Information provided –
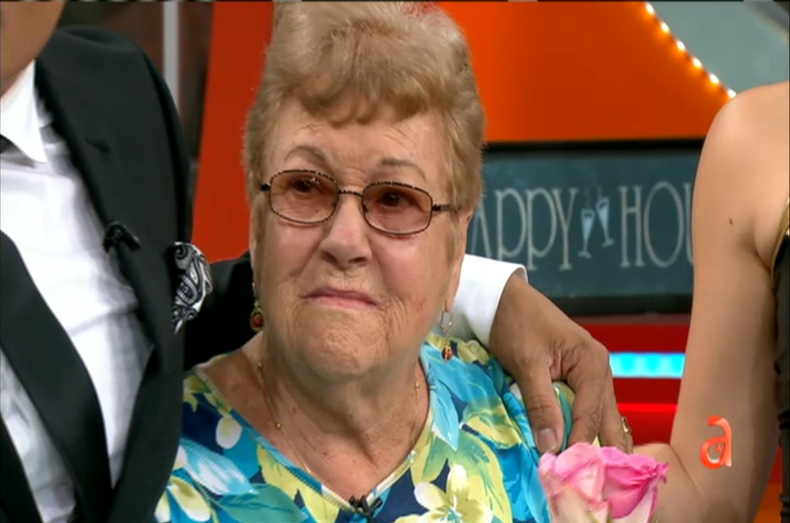 mujer cubana 74 años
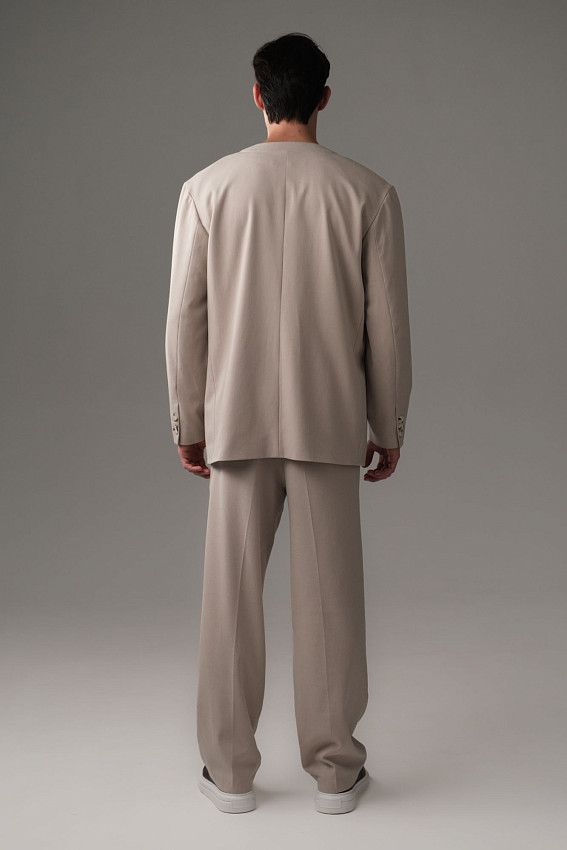 Пиджак The Hills Бежевый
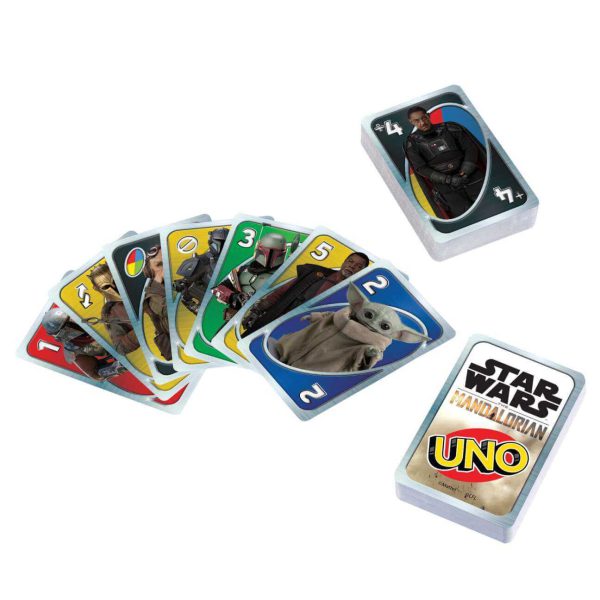 UNO STAR WARS - Imagen 2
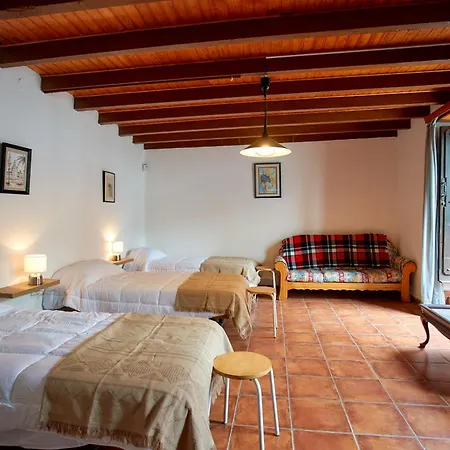 Historic House With A View In The Old Town Vega de San Mateo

Try it – Leaving every picture aside, repeat the listing exactly.

Your solution –
 mujer cubana 74 años
 Пиджак The Hills Бежевый
 UNO STAR WARS - Imagen 2
 Historic House With A View In The Old Town Vega de San Mateo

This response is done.